View facial features models

AIR ID	Model Name	Description
`runware:35@9`	mediapipe_face_mesh_eyes_only	Focused detection of eye regions.
`runware:35@15`	eyes_mesh_mediapipe	Specialized eyes detection.
`runware:35@13`	nose_mesh_mediapipe	Specialized nose detection.
`runware:35@14`	lips_mesh_mediapipe	Specialized lips detection.
`runware:35@10`	eyes_lips_mesh	Detection of eyes and lips areas.
`runware:35@11`	nose_eyes_mesh	Detection of nose and eyes areas.
`runware:35@12`	nose_lips_mesh	Detection of nose and lips areas.

View other body parts models

AIR ID	Model Name	Description
`runware:35@3`	hand_yolov8n	Specialized for 2D/realistic hand detection.
`runware:35@4`	person_yolov8n-seg	Person detection and segmentation.
`runware:35@5`	person_yolov8s-seg	Advanced person detection with higher precision.

Learn more ⁨1⁩ resource

Inpainting: Selective image editing
GUIDE

confidence float Min: 0 Max: 1 Default: 0.25

Confidence threshold for detections. Only detections with confidence scores above this threshold will be included in the mask.

Lower confidence values will detect more objects but may introduce false positives.

maxDetections integer Min: 1 Max: 20 Default: 6: Limits the maximum number of elements (faces, hands, or people) that will be detected and masked in the image. If there are more elements than this value, only the ones with highest confidence scores will be included.
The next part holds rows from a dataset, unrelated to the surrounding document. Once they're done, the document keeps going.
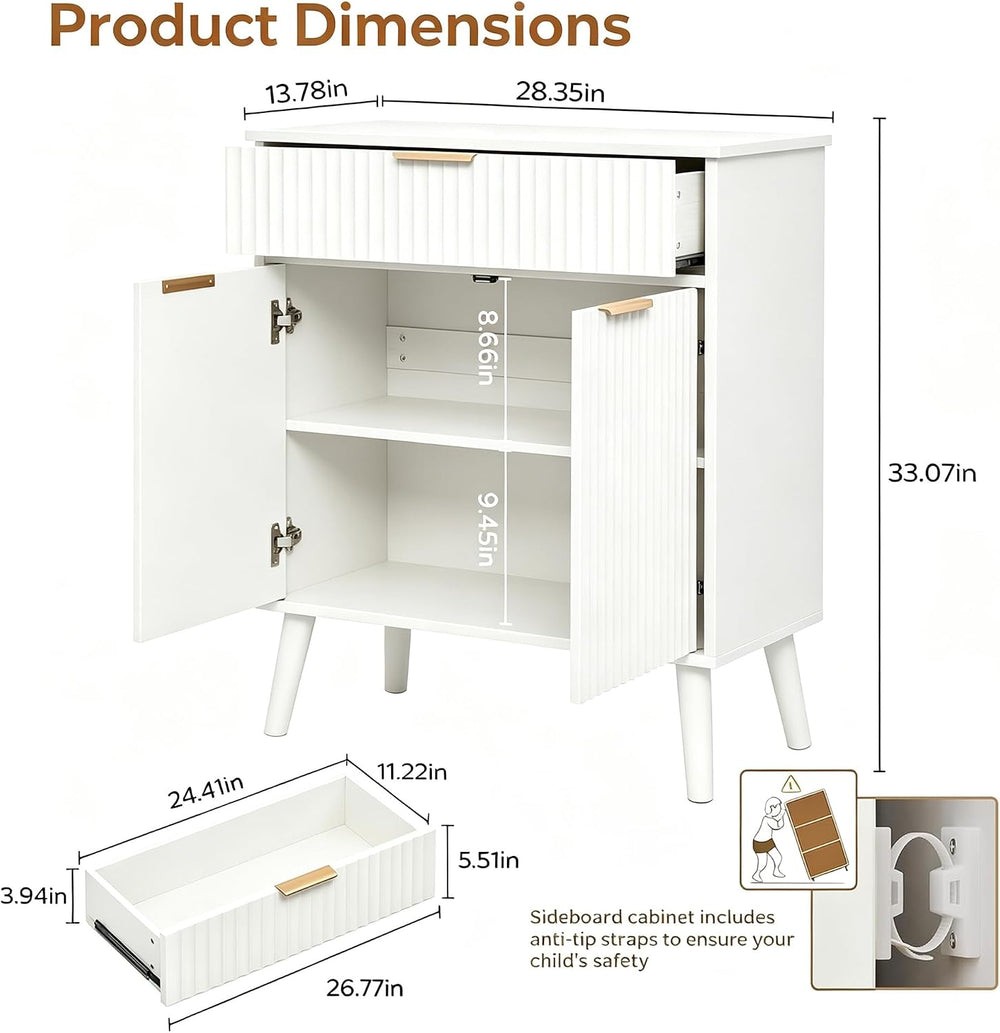 Buffet Cabinet Coffee Bar Cabinet | Size: 28.34 x 13.78 x 33.07 inch | Color:...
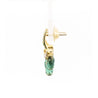 Vintage Briolette Cut Green Tourmaline & Diamond Dangling Stud Earrings in 18K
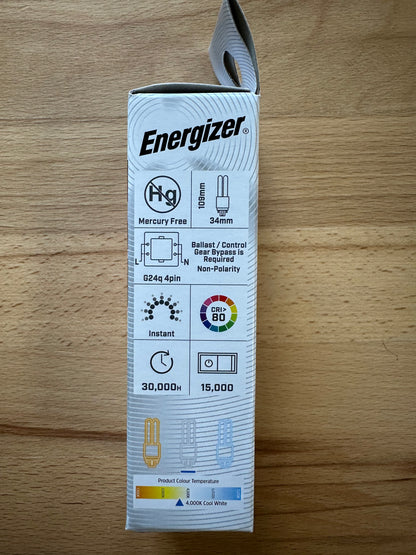 Energizer 4.5W=13W LED PLD (PL-C) G24q 4Pin 660lm 400K (Cool White) - S30424 - LED Retro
maskPadding integer Min: 0 Default: 4: Extends or reduces the detected mask area by the specified number of pixels. Positive values create a larger masked region (useful when you want to ensure complete coverage of the element), while negative values shrink the mask (useful for tighter, more focused areas).

maskBlur integer Min: 0 Default: 4

Extends the mask by the specified number of pixels with a gradual fade-out effect, creating smooth transitions between masked and unmasked regions in the final result.
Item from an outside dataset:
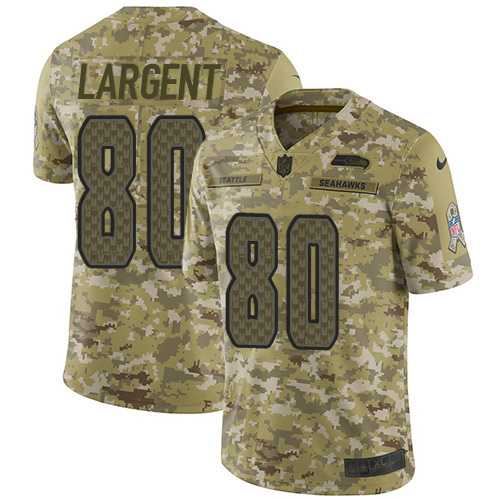 Nike Seattle Seahawks #80 Steve Largent Camo Men's Stitched NFL Limited 2018 Salute To Service Jersey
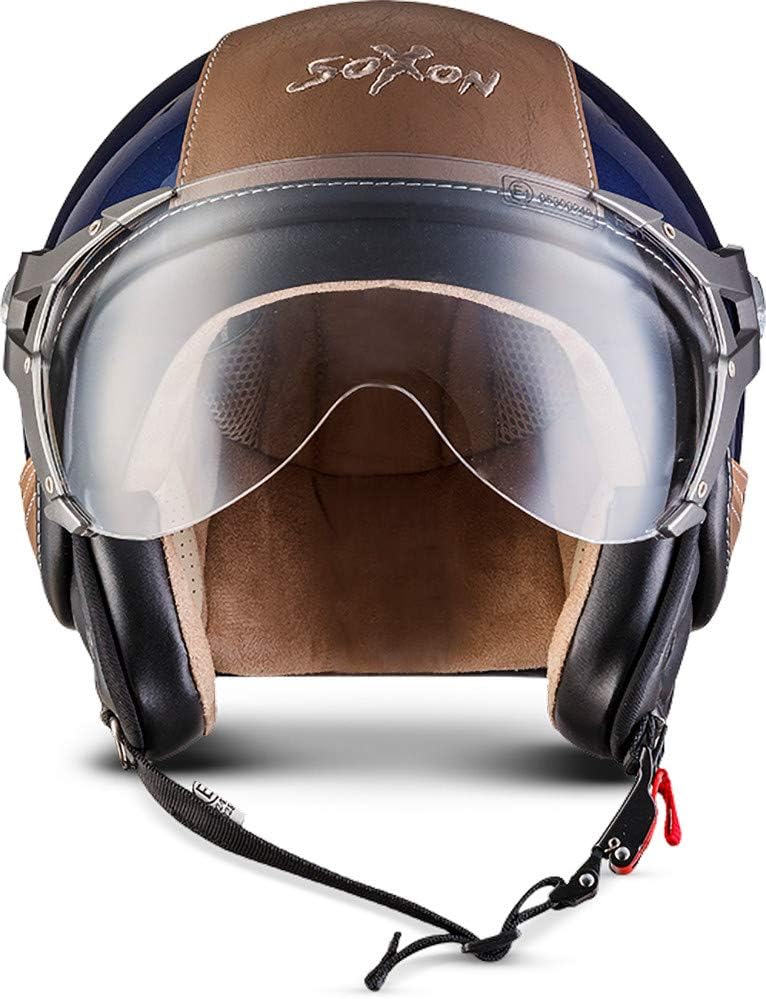 Soxon® SP-325 Urban „Blue“ · Jet-Helm · Motorrad-Helm Roller-Helm Scooter-Helm Moped Mofa-Helm Chopp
Note: The blur is always applied to the outer edge of the mask, regardless of whether maskPadding is used.

Response

Results will be delivered in the format below. It's possible to receive one or multiple images per message. This is due to the fact that images are generated in parallel, and generation time varies across nodes or the network.

{
  "data": [
    {
      "taskType": "imageMasking",
      "taskUUID": "d06e972d-dbfe-47d5-955f-c26e00ce4960",
      "imageUUID": "90422a52-f186-4bf4-a73b-0a46016a8330",
      "detections": [
        {
          "x_min": 505,
          "y_min": 237,
          "x_max": 588,
          "y_max": 337
        }
      ],
      "maskImageURL": "https://im.runware.ai/image/ws/0.5/ii/a770f077-f413-47de-9dac-be0b26a35da6.jpg",
      "cost": 0.0013
    }
  ]
}

taskType string: The API will return the taskType you sent in the request. In this case, it will be imageMasking. This helps match the responses to the correct task type.

taskUUID string UUID v4: The API will return the taskUUID you sent in the request. This way you can match the responses to the correct request tasks.
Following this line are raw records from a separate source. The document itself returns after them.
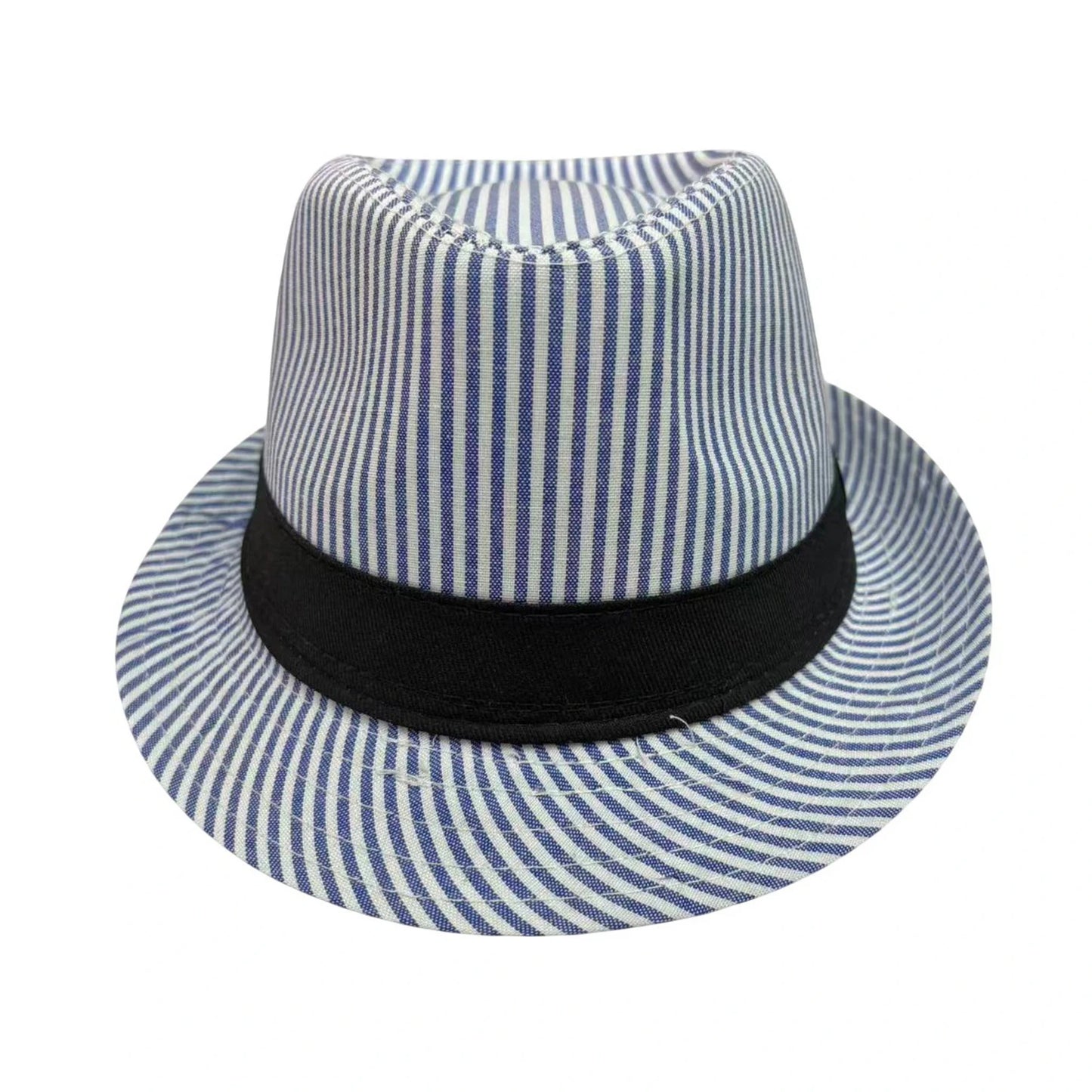 Trilby Hat | Seersucker Stripe Crown with Black Band – Blue & White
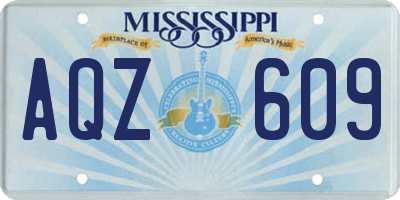 MS license plate AQZ609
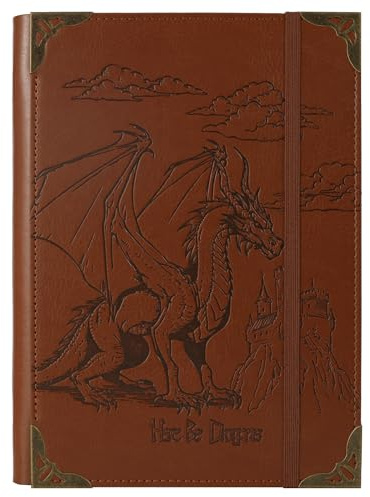 TIEFOSSI A5-Ringbuch mit 6 Ringen Tagebuch für Frauen und Männer, Hardcover Notizbuch aus PU-Leder, Vintage-Drachen-Notizbücher für Jungen, College Lineatur für Schule, Arbeit, Reise & Organisation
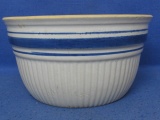Vintage Blue Banded Pottery Mixing Bowl  4” T x 7 1/2” DIA – Fluted sides – No Maker's Marks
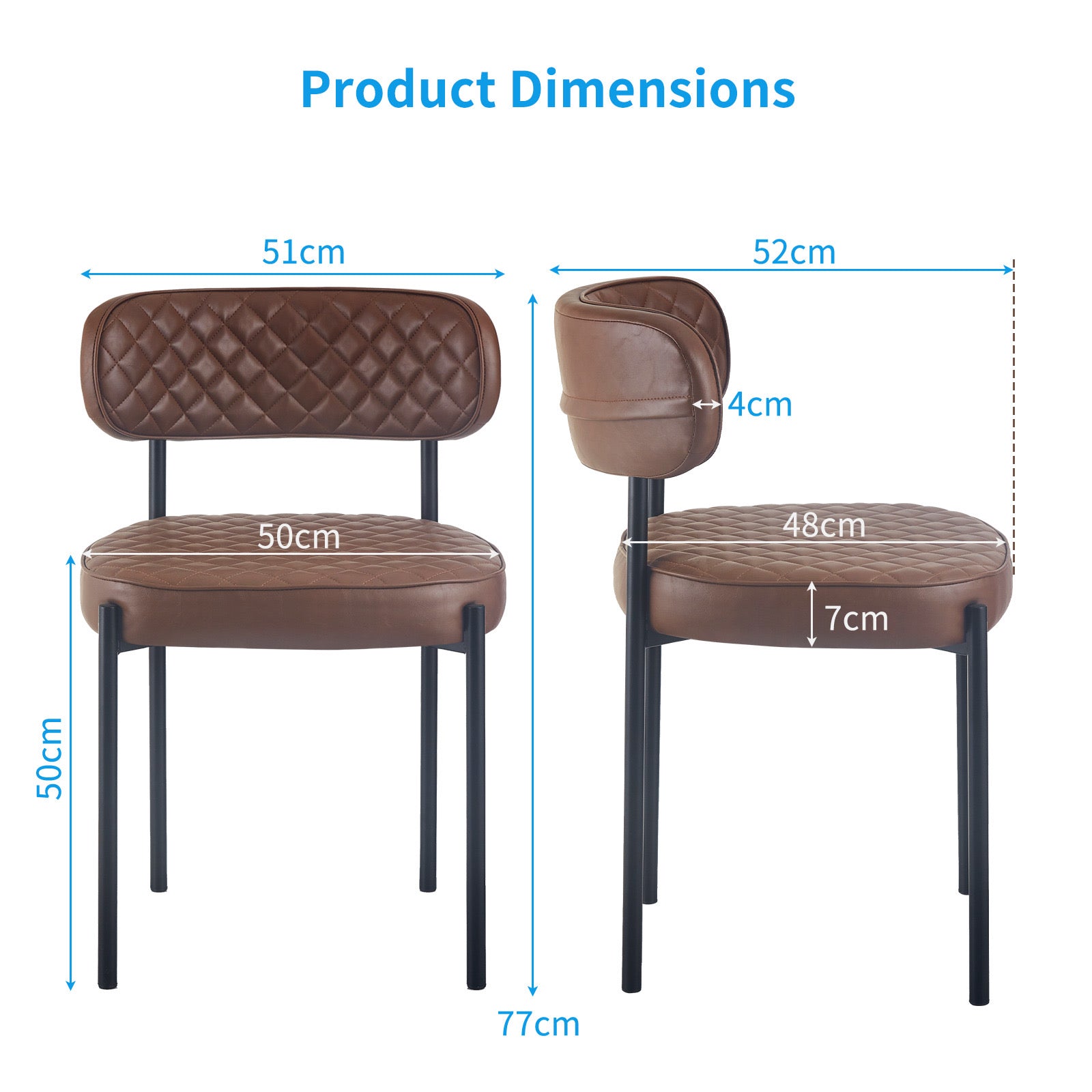 Maintor dining chairs - PU leather Set of 4
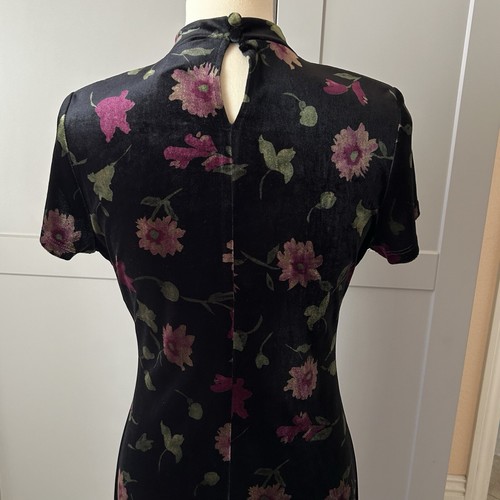 VTG Velvet Asian Inspired Women's 6 Blk Floral Maxi Dress Caren Desiree Co. Y2K - Picture 5 of 13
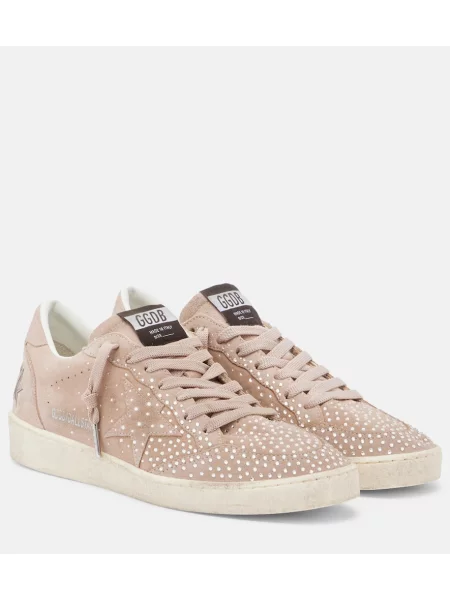 Sneakerși Golden Goose Ball Star din piele de căprioară roz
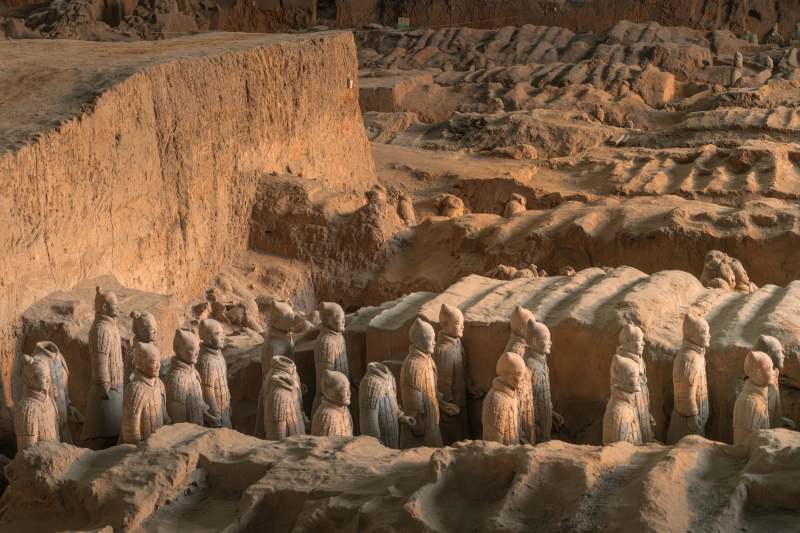 兵马俑坑遗址展示图图片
inputImageUUID string UUID v4: The unique identifier of the original image used as input for the masking task.

detections array

An array of objects containing the coordinates of each detected element in the image. Each object provides the bounding box coordinates of a detected face, hand, or person (depending on the model used).

Each detection object includes:

x_min: Leftmost coordinate of the detected area
y_min: Topmost coordinate of the detected area
x_max: Rightmost coordinate of the detected area
y_max: Bottommost coordinate of the detected area

These coordinates can be useful for further processing or for understanding the exact location of detected elements in the image.

maskImageUUID string UUID v4: The unique identifier of the mask image.

maskImageURL string: If outputType is set to URL, this parameter contains the URL of the mask image to be downloaded.

maskImageBase64Data string: If outputType is set to base64Data, this parameter contains the base64-encoded data of the mask image.

maskImageDataURI string: If outputType is set to dataURI, this parameter contains the data URI of the mask image.

cost float: if includeCost is set to true, the response will include a cost field for each task object. This field indicates the cost of the request in USD.